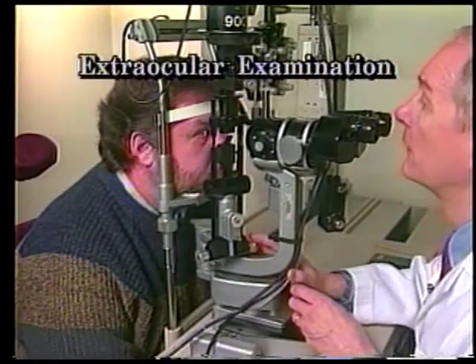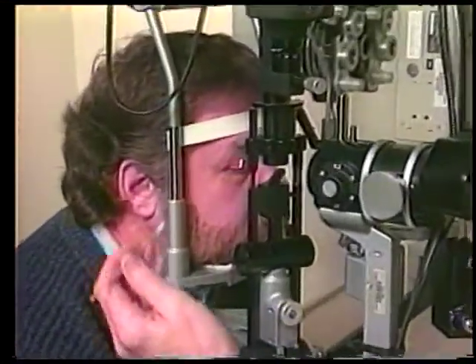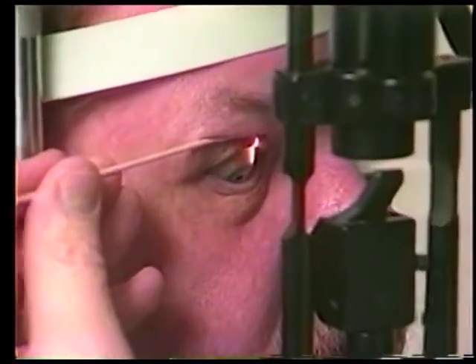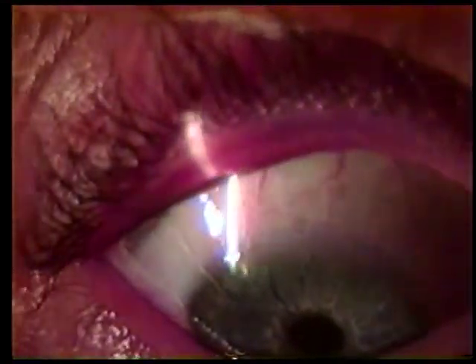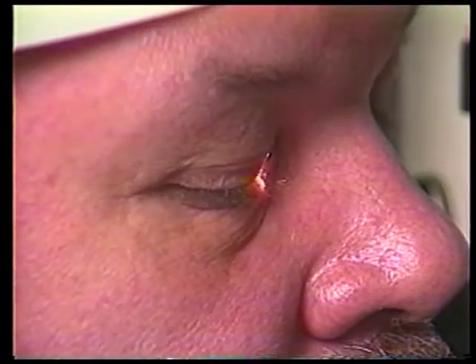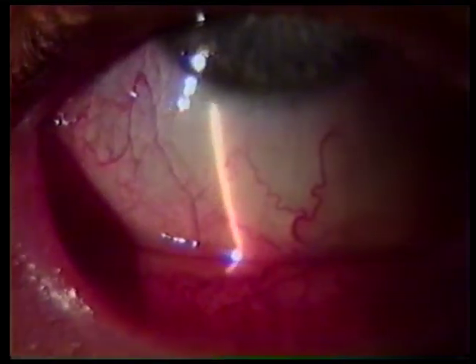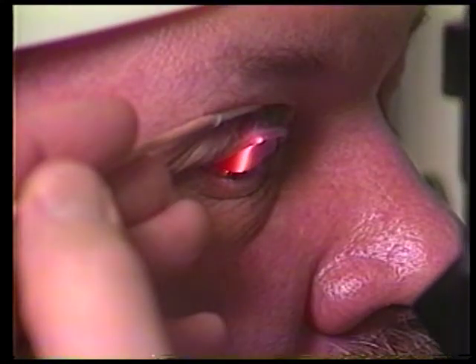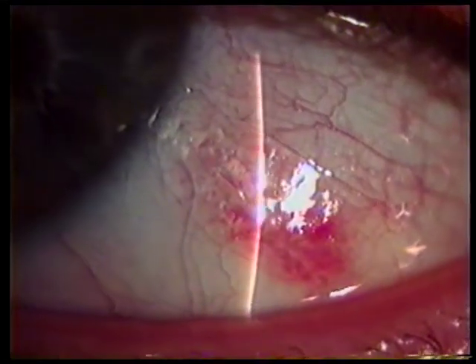Develop a systematic examination method so important areas of the external eye and anterior segment are not overlooked. Learn to use both hands for ease and comfort in manipulations around the eye. Start by examining the extraocular structures. Look at the lids and lashes. Have the patient look up and then down while you hold the eyelids with a Q-tip so that the bulbar conjunctiva normally covered by the lids can be adequately inspected. Learn to evert the upper and lower lids for access to the tarsal conjunctiva. Next, direct the light to the interpalpebral bulbar conjunctiva to evaluate this area.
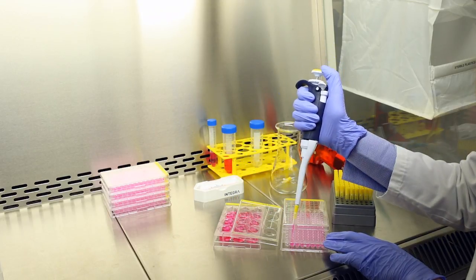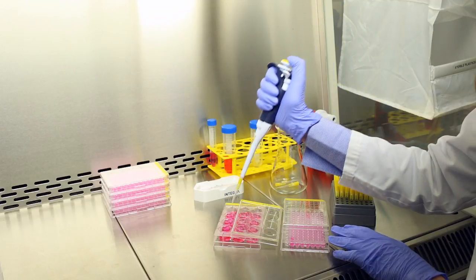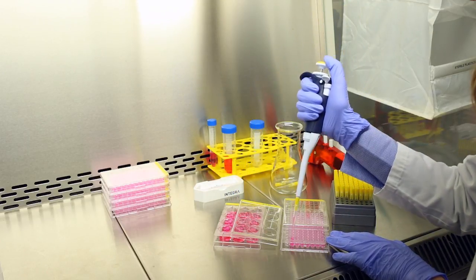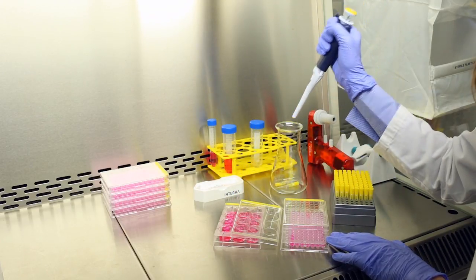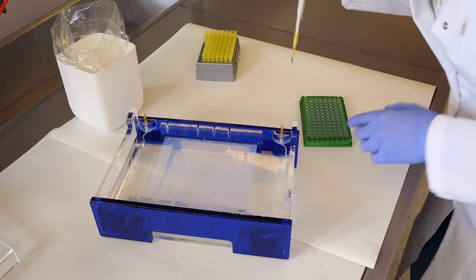Many applications require pipetting between different labware formats. For example, plate reformatting from 12-well to 96-well plates, or transferring samples from tubes or plates to agarose gels.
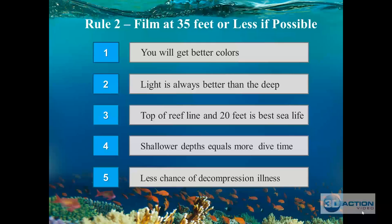The shallower you are, the more scenes you're able to get. Three, the top of the reef line and 20 feet below it is where the best sea life is. If the reef line starts at 30 feet, the massive activity of fish will be from five feet above that reef line to the next 20 feet. If you go to 80 feet, almost all the fish are not there. Four, shallower depths equal more dive time — the deeper you go, your air gets compressed and dives are shorter.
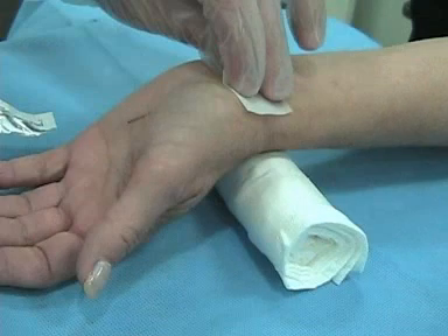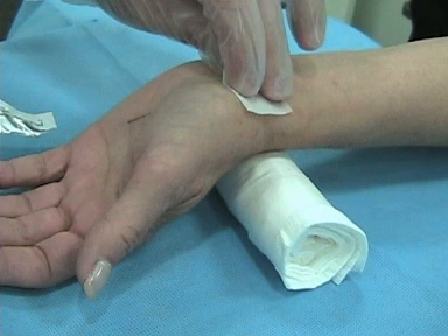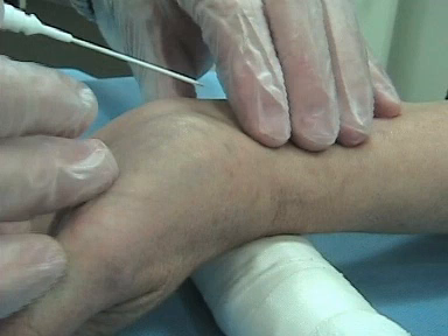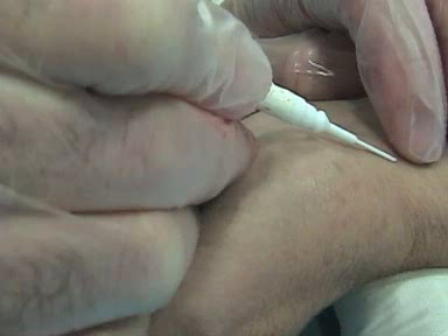Do your usual prep, and ideally put a little bit of local anesthetic in here because art lines do hurt. Notice the needle is coming in at a really shallow angle — you want to be able to hit the artery, and once you get blood, advance a little bit. If you come in at a steeper angle you might go through it.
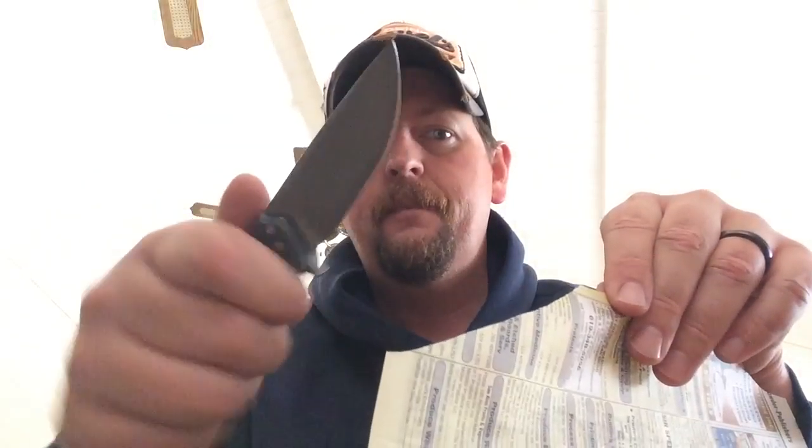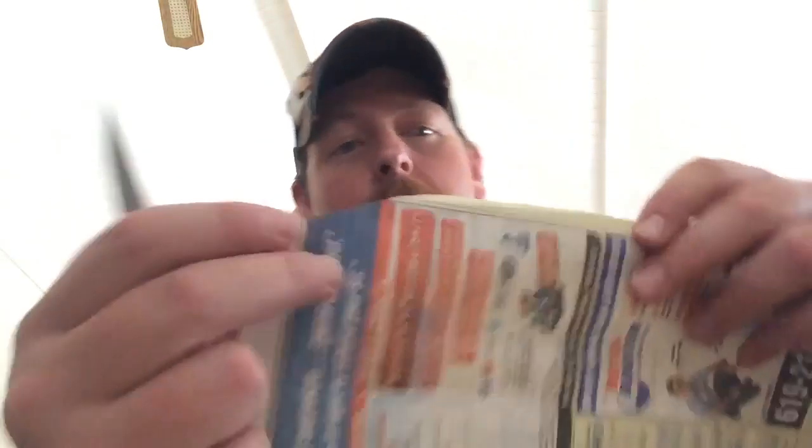I have stropped it a few times and maintained that toothy, polished edge. As long as I don't chip it, I should be able to maintain that edge just by stropping it lightly on a piece of newspaper or phone book paper and get it right back up.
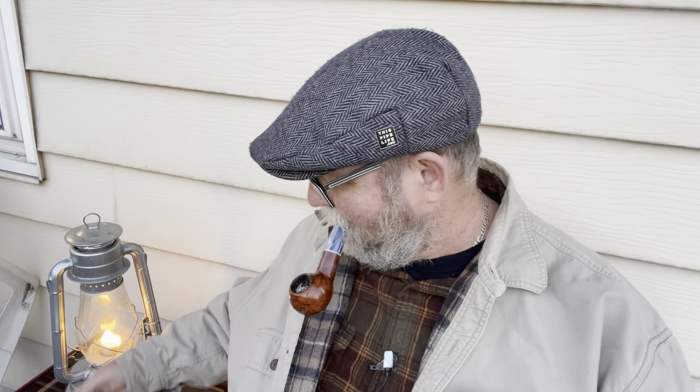That bottom half gives it more room to breathe, and the top half makes it easier to light because this stuff is pretty moist, just being a plug. And it does take a bunch of relights, which I don't mind at all.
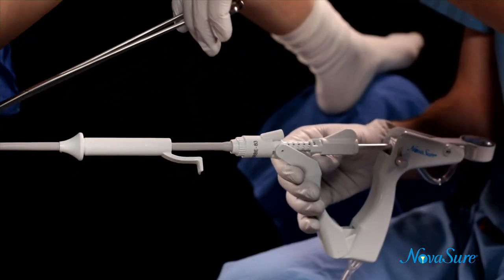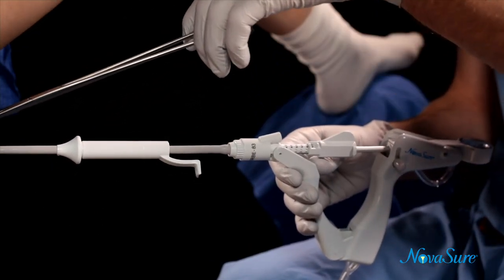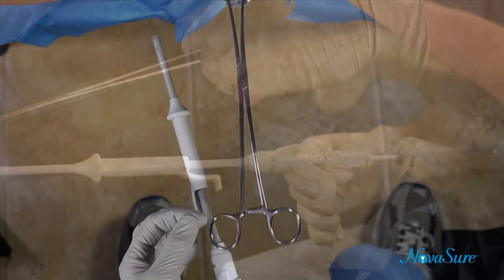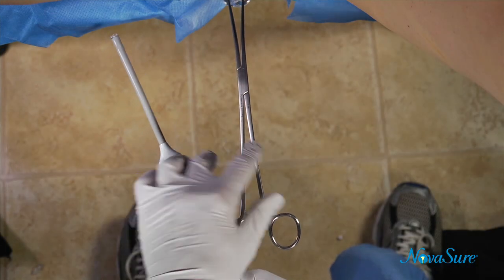Now let's review these steps. After the dilation process is complete, start by maintaining slight traction on the tenaculum to minimize the angle of the uterus. Slide the cervical collar all the way back.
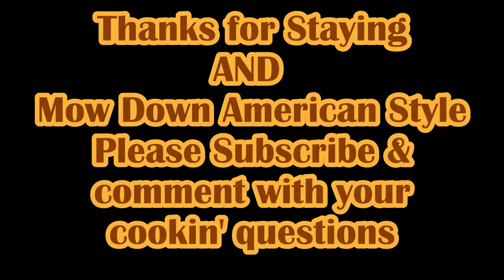Be sure to subscribe and comment with your cooking questions, and we'll show you more videos of real American cooking. Have a happy grilled cheese day today, April 12, 2018. You're welcome.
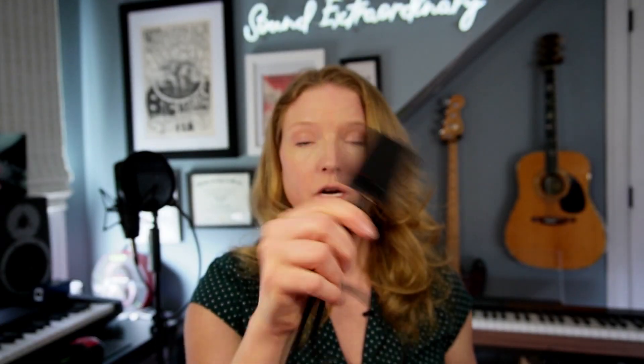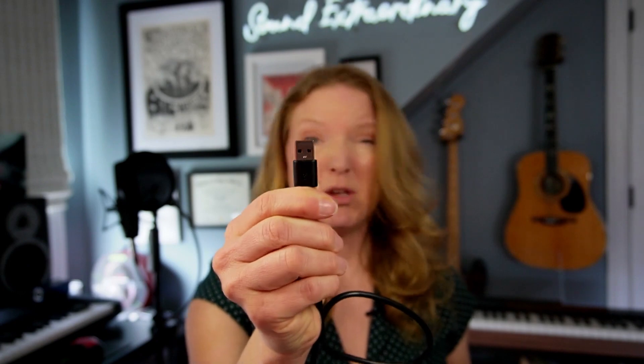The same goes for our GLXD1+ body pack transmitter. You can charge it directly on the transmitter, or you can pop it out and put it into the SBC10 sled charger, which goes in like this. That can plug into the wall using the wall wart that it comes with, or USB into a computer — however you want.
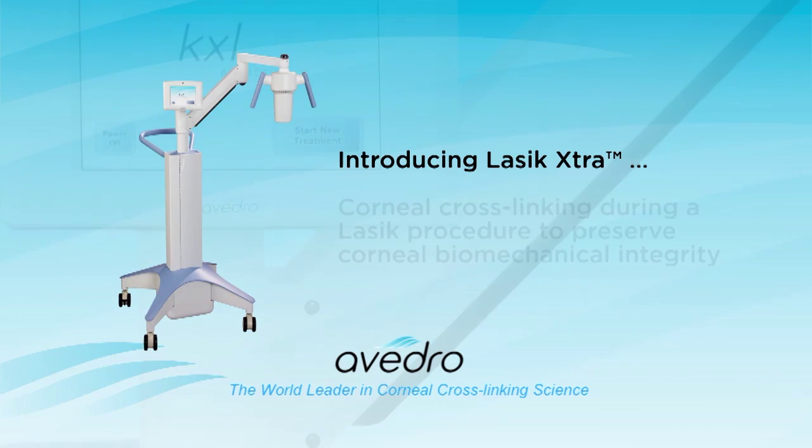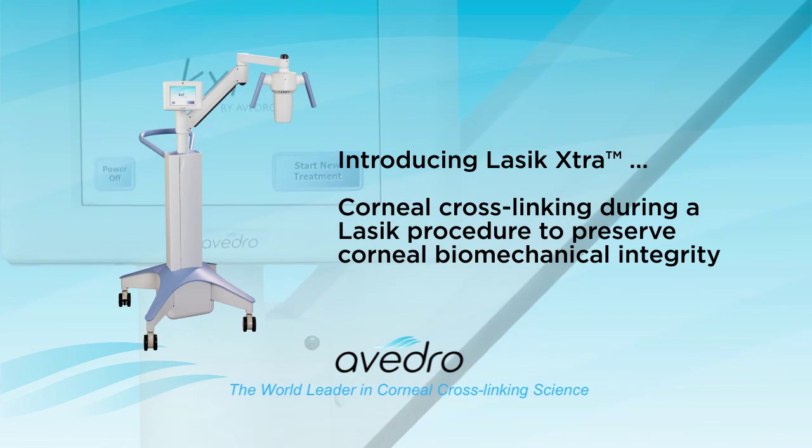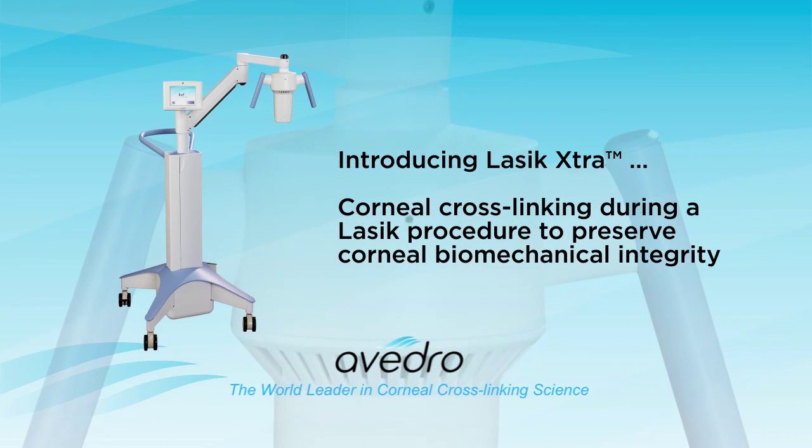Introducing LASIK Extra — corneal cross-linking during a LASIK procedure to preserve the corneal biomechanical integrity.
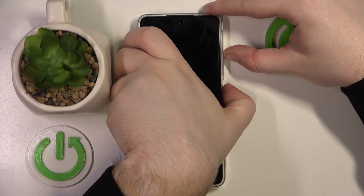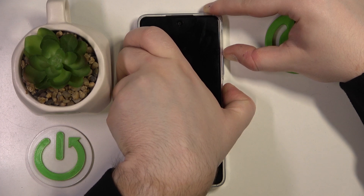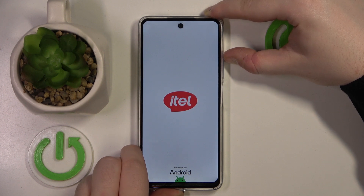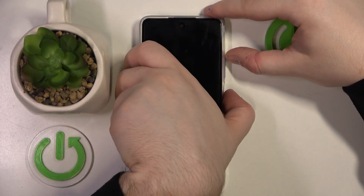Press the power button and volume up button at the same time and hold for a few seconds. You can let go of the power button when you see a logo on your screen, then press the power button again.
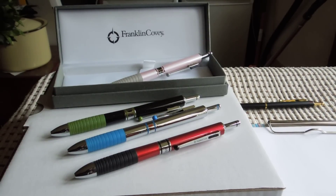Hello and welcome to my demonstration on how to use a Franklin Covey multifunction pen. Here I am using the Hinesdale range for the demonstration. It also works the same for the Melbourne range.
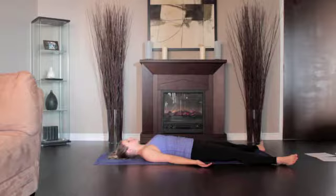Make sure the shoulder blades are resting evenly on the floor. Soften and relax the body in a neutral position. Stay in this pose for 5 minutes.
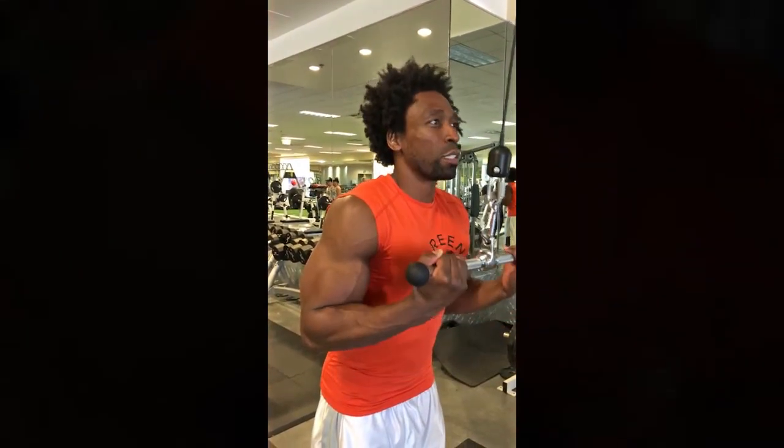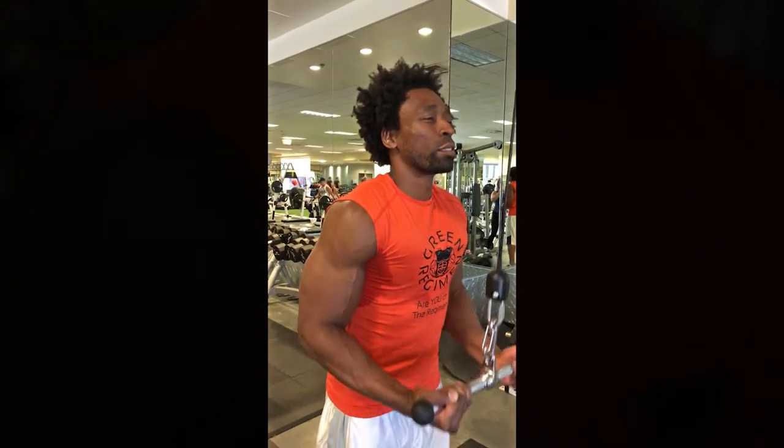Breathe out at the bottom. Remember, it's all about as close to perfect form as possible and doing different exercises to shock the body. That's how the muscle grows — muscle confusion. Not doing the same thing every day.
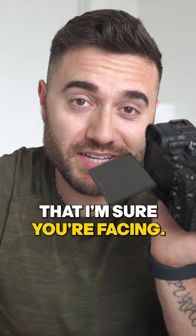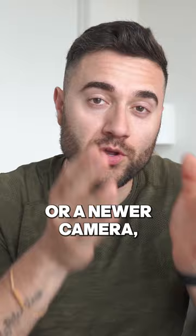If you have a mirrorless camera with a screen that flips out like this, there is a massive problem that I'm sure you're facing: you can't see yourself when you film. If you don't want to break the bank or upgrade your gear with a monitor or a newer camera, I have a solution for you that's going to blow your mind.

◆ ◆ ◆

* **What you are asked to do**:
Keep each line of the records exactly as it is while transcribing them, but leave the images behind.

* **Answer area**:
Develop a systematic examination method so important areas of the external eye and anterior segment are not overlooked. Learn to use both hands for ease and comfort in manipulations around the eye. Start by examining the extraocular structures. Look at the lids and lashes. Have the patient look up and then down while you hold the eyelids with a Q-tip so that the bulbar conjunctiva normally covered by the lids can be adequately inspected. Learn to evert the upper and lower lids for access to the tarsal conjunctiva. Next, direct the light to the interpalpebral bulbar conjunctiva to evaluate this area.
Many applications require pipetting between different labware formats. For example, plate reformatting from 12-well to 96-well plates, or transferring samples from tubes or plates to agarose gels.
The shallower you are, the more scenes you're able to get. Three, the top of the reef line and 20 feet below it is where the best sea life is. If the reef line starts at 30 feet, the massive activity of fish will be from five feet above that reef line to the next 20 feet. If you go to 80 feet, almost all the fish are not there. Four, shallower depths equal more dive time — the deeper you go, your air gets compressed and dives are shorter.
Do your usual prep, and ideally put a little bit of local anesthetic in here because art lines do hurt. Notice the needle is coming in at a really shallow angle — you want to be able to hit the artery, and once you get blood, advance a little bit. If you come in at a steeper angle you might go through it.
I have stropped it a few times and maintained that toothy, polished edge. As long as I don't chip it, I should be able to maintain that edge just by stropping it lightly on a piece of newspaper or phone book paper and get it right back up.
That bottom half gives it more room to breathe, and the top half makes it easier to light because this stuff is pretty moist, just being a plug. And it does take a bunch of relights, which I don't mind at all.
Now let's review these steps. After the dilation process is complete, start by maintaining slight traction on the tenaculum to minimize the angle of the uterus. Slide the cervical collar all the way back.
Be sure to subscribe and comment with your cooking questions, and we'll show you more videos of real American cooking. Have a happy grilled cheese day today, April 12, 2018. You're welcome.
The same goes for our GLXD1+ body pack transmitter. You can charge it directly on the transmitter, or you can pop it out and put it into the SBC10 sled charger, which goes in like this. That can plug into the wall using the wall wart that it comes with, or USB into a computer — however you want.
Introducing LASIK Extra — corneal cross-linking during a LASIK procedure to preserve the corneal biomechanical integrity.
Press the power button and volume up button at the same time and hold for a few seconds. You can let go of the power button when you see a logo on your screen, then press the power button again.
Hello and welcome to my demonstration on how to use a Franklin Covey multifunction pen. Here I am using the Hinesdale range for the demonstration. It also works the same for the Melbourne range.
Make sure the shoulder blades are resting evenly on the floor. Soften and relax the body in a neutral position. Stay in this pose for 5 minutes.
Breathe out at the bottom. Remember, it's all about as close to perfect form as possible and doing different exercises to shock the body. That's how the muscle grows — muscle confusion. Not doing the same thing every day.
If you have a mirrorless camera with a screen that flips out like this, there is a massive problem that I'm sure you're facing: you can't see yourself when you film. If you don't want to break the bank or upgrade your gear with a monitor or a newer camera, I have a solution for you that's going to blow your mind.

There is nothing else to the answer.